Bölüm 15

2.9K 83 8
                                    

     Atiye, sabah bir başına kaldı, Cemal kooperatife gidince. Nicedir sıkıntısının tarifi yok. Bir hareket olmayan, öyle cansız....İçinde bulantıya benzer bir isteksizlik. Hala uyku ağırlığı altında. Gözü açık gördüğü bir kabusu yaşar gibi. Ağzı zehir tadında. Bedeninde mutsuzluğun ağırlığı.

    Çok ihtiraslı başlayan ihanet kokan bu sevgiye benzer şey, bir yıl içinde bitip tükenmişti. Artık aralarında bir şey kalmamıştı sanki. Zoraki birbirlerini sürükleyip gitmekteler. Canını acıtan bir felakete dönmüştü durum. Konuşmayı bile beceremiyorlar. Atiye, laf edecek ama Cemal, tamamen kapalı. Yaptığı yanlışı yeni anlar gibi suskun. O kadar belirgin ki bu suçluluk, elini uzatsa dokunabilecek kadar somut. Bir o kadar canlı....

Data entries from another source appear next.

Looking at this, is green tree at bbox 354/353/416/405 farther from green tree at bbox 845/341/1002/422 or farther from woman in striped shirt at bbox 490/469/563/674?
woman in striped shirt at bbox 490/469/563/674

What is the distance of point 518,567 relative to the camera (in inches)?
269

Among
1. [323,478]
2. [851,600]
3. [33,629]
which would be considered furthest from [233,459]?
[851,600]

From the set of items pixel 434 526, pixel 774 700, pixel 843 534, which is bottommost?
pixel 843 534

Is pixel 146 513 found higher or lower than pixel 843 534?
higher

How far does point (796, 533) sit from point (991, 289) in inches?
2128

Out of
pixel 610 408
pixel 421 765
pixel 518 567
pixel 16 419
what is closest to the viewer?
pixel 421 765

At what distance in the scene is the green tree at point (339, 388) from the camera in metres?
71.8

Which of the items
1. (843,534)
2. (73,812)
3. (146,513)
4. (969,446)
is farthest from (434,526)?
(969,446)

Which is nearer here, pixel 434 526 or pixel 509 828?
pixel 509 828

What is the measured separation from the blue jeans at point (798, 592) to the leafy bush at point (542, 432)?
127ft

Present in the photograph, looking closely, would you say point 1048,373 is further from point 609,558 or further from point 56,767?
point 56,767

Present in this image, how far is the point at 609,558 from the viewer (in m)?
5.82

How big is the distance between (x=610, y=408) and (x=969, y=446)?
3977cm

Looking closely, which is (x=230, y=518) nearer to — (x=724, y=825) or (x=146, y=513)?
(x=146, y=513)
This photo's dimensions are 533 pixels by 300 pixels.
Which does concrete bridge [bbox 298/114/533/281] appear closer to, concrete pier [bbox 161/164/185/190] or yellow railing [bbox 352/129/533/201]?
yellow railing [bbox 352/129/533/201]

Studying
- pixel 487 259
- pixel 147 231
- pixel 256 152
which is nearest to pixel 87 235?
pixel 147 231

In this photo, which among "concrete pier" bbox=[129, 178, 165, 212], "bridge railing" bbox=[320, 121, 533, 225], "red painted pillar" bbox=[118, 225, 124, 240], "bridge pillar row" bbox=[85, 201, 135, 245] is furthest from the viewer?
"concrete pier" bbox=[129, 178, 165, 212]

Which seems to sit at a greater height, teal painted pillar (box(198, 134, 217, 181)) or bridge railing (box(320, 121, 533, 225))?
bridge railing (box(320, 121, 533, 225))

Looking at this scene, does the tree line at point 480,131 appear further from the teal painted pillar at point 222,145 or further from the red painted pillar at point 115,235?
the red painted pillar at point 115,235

    İçinde garip bir daralma....Ne kadar aklından uzaklaştırmaya çalışsa da bu, vicdan azabı denen şeye çok benziyor....Kırk kat örtüler atsa bile üzerine kendinden saklaması imkansız....Aydınlık, yerini karanlığa bırakmış, ölene dek sürecek bir çile....

    Cemal, öyle uzak, geçmiş günlerde yaşar gibi lal....İsteksiz, rutin....İş, eve dönüş, yemek, uyku. İnsanı insan yapan o sıcak iletişim gitmiş. Kendinden çok uzakta, başka bir diyarda yaşamakta....Hele bebek bekledikleri günlerin boşa çıkması, anlatılmaz bir sükut u hayal....Daha da uzak bir adam kendinden....

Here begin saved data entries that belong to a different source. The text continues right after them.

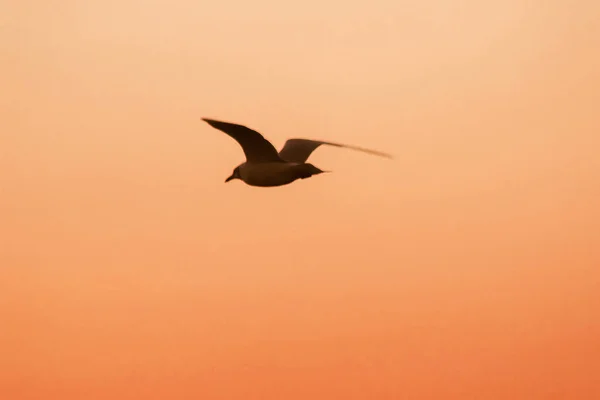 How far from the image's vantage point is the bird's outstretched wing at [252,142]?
2.26 ft

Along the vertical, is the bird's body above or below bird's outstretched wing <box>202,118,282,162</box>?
below

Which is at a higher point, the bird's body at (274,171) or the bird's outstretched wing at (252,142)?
the bird's outstretched wing at (252,142)

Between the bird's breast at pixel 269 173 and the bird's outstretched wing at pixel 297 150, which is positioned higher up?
the bird's outstretched wing at pixel 297 150

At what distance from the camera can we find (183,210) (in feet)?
4.04

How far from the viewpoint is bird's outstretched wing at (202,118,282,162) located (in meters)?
0.69

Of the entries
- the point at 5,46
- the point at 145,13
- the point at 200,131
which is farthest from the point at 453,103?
the point at 5,46

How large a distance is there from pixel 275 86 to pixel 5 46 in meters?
0.53

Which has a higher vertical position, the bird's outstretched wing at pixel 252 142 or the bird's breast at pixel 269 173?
the bird's outstretched wing at pixel 252 142

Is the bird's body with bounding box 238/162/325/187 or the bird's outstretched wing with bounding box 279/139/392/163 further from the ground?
the bird's outstretched wing with bounding box 279/139/392/163

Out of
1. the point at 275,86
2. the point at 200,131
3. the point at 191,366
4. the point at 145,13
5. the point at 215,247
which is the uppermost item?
the point at 145,13

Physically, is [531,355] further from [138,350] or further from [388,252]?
[138,350]

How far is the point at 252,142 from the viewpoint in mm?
729

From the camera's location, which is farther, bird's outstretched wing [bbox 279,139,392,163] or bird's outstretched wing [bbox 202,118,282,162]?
bird's outstretched wing [bbox 279,139,392,163]

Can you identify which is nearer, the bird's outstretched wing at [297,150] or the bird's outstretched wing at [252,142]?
the bird's outstretched wing at [252,142] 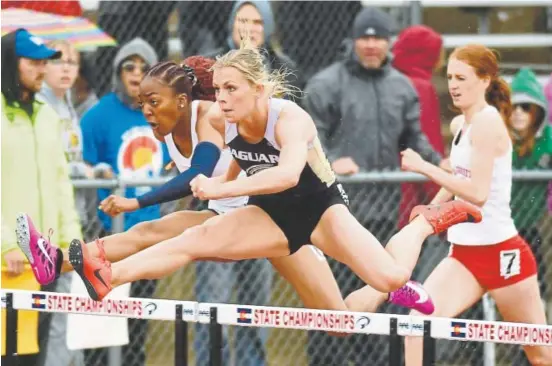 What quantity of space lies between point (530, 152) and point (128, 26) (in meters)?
2.57

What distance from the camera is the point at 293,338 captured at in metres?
9.21

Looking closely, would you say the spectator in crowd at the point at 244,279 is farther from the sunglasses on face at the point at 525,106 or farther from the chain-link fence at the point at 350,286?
the sunglasses on face at the point at 525,106

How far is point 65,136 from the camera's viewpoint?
872cm

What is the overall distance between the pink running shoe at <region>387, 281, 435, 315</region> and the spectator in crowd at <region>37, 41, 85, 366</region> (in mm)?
2190

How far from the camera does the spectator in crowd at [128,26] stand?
943 centimetres

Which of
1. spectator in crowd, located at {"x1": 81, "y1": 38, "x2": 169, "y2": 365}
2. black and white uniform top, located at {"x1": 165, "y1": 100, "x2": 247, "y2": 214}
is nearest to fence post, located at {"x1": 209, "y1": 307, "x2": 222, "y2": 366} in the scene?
black and white uniform top, located at {"x1": 165, "y1": 100, "x2": 247, "y2": 214}

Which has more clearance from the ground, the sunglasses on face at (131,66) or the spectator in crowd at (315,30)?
the spectator in crowd at (315,30)

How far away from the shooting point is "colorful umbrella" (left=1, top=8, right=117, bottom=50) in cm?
925

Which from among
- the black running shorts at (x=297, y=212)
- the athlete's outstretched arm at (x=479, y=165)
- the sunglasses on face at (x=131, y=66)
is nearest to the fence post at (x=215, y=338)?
the black running shorts at (x=297, y=212)

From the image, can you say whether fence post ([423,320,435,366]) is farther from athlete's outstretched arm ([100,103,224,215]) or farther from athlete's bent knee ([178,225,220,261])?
athlete's outstretched arm ([100,103,224,215])

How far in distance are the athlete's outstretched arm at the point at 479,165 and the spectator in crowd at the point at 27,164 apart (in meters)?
1.88

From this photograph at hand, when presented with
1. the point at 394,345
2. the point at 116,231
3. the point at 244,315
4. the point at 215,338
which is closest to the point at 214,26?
the point at 116,231

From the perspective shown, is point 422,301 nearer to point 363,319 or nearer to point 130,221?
point 363,319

     Bunların nedenini gayet iyi biliyordu. Yaşamın yönünü değiştirmeye çalışanların hatasının bedelini ödüyordu. Haset mi, hırs mı bilinmez, gözünü bürümüş, sevgi diye bu işe kalkışmıştı ama, sonu hüsran....

     Düğünden sonra ilk günler çok mesut oldular. Tıpkı fecr-i kazib....Eskiler gecenin bitişini,bazen şöyle anlatır: ''Karanlığın sonuna doğru evvela aydınlığa benzer bir hal vardır. Sabah olmuş sanılır ki buna fecr-i kazib denir. Oysa yalandır. Üzerine tekrar gece çöker. Ancak bir süre sonra gerçek ışık belirir ki buna fecr-i sadık denir. İşte gerçek aydınlık budur.

    Atiye'nin sayesinde Cemal, bu sahte parlaklığa kapılmıştı....Neticesi kötü....Saadetten uzak, kırılmış insanların acısında, tamamen aldatmaca dolu....Ayıldığında ise iş işten geçmiş....Kutup yıldızını, hayat yönünü kaybetmiş bir adamdı artık....

     İlk bebek heveslerinin ardından, Atiye bir daha hamile kalamadı, olmadı olmadı gitti. Kendince düşünmüştü, eğer bir evlatları olursa Cemal oyalanır giderdi. Yumuşardı ortalık. Yuvasına bağlanırdı. Böyle meczup gibi dolanmazdı ortalarda.

 Onca yaşananlara rağmen Reyhan mutlu olmuştu sonunda. Bunu hatırlamak, içindeki fesatlık ateşini körükledi. İstemsiz, gözleri kısıldı. kıskançlığın düz çizgisine döndü .Öfkenin verdiği güç, ilk baştaki uyuşukluğu kovaladı.''-Bir şeyler yapmalıyım!''diyerek karanlık düşüncelere daldı. Aniden kalktı, rastgele bir şeyler geçirdi üzerine, yola koyuldu. Bazen kendi bile yaptıklarını anlamakta zorlanıyordu.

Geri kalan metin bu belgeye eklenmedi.